ELFhash algorithm understanding by GDB

ELFhash algorithm is a hash function who works very well with great string and tiny string.

The source code is as follows:

1
2
3
4
5
6
7
8
9
10
11
12
13
14
unsigned int ELFhash(char *str)
{
unsigned int hash=0;
unsigned int x=0;
while(*str)
{
hash=(hash<<4)+*str;
if(( x=hash & 0xf0000000 ) != 0) { hash^=(x>>24);
hash&=~x; // Clear high 4 bit
}
str++;
}
return (hash & 0x7fffffff);
}

The time complexity is O(n) because of the loop of source string has n characters.

While the space complexity is O(1).

1
2
(gdb) b 5
Breakpoint 1 at 0x725: file test.c, line 5.

We set a breakpoint at the beginning of function main. There is nothing to do at this line, so we let it go.

1
2
(gdb) n
7 scanf("%s", source);

At this line, we will input abcdefghijkl as the string to be hashed.

1
2
3
(gdb) n
abcdefghijkl
8 unsigned int r = ELFhash(source);

When we reached line 8, enter the function.

1
2
3
4
5
6
7
8
(gdb) p str
$1 = 0x7fffffffdba0 "abcdefghijkl"
(gdb) n
9 hash=(hash<<4)+*str;
(gdb) n
10 if(( x=hash & 0xf0000000 ) != 0)
(gdb) p hash
$2 = 97

At the end of the first loop, we got str abcdefghijkl, and hash became 97(0x00000061).

1
2
3
4
(gdb) p hash
$3 = 1650
(gdb) p str
$4 = 0x7fffffffdba1 "bcdefghijkl"

After the second loop, 0x00000061 will be moved 4 bits to the left. So it’s 0x00000610 + 0x00000062 = 0x00000672 (1650).

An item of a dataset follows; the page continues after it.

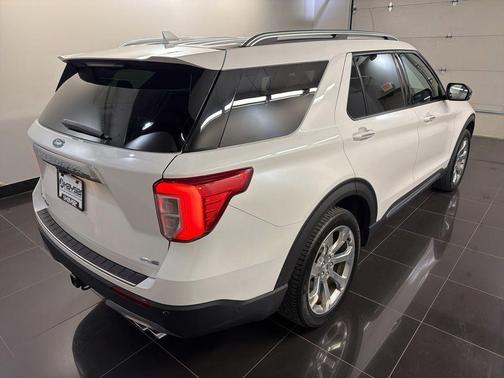 White Metallic 2020 Ford Explorer Platinum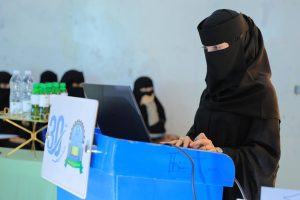 في أجواء علمية زاخرة بالأفكار الإبداعية، شهد قسم الهندسة المعمارية بجامعة العلوم والتكنولوجيا – إب صباح اليوم تدشين مناقشة مشاريع التخرج (1) لطلبة الدفعة التاسعة للعام الجامعي 1447هـ، والتي تمثل المرحلة الأولى من مشاريع التخرج النهائية في مسار الدراسات النظرية.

For the mixture of the first 7 number, it’s simply moving to the left with 4 bits and an addition.

At the 7th times, 6 is moved to the first bit of the hash. So if we continue the operations, it will be removed. To avoid this, the algorithm provides a serial of operations to guarantee the mixture between every bit near. For the moment, x=0x06, hash=0x6789abc7.

1
2
3
4
5
0			if(( x=hash & 0xf0000000 ) != 0)
(gdb)
12 hash^=(x>>24);
(gdb) n
13 hash&=~x; // Clear high 4 bit

After these operations, the high 4 bits at the first bit is cleared to be 0. And the operation exclusive OR (^) will keep the bits from the second to the last second with 789ab. For x, it’s the high 4 bits of the first character. As the similarity between exclusive OR and the addition, it’s the same operation as the code hash=(hash<<4)+*str. But it’s a looped one.  So in the end, the hash became, 0x0789aba7.

Obviously, the following characters will be handled as the seventh bit (“g” for the string), and it can be a ring of addition while a new character added.

I’m waiting for a proof of the homogeneity.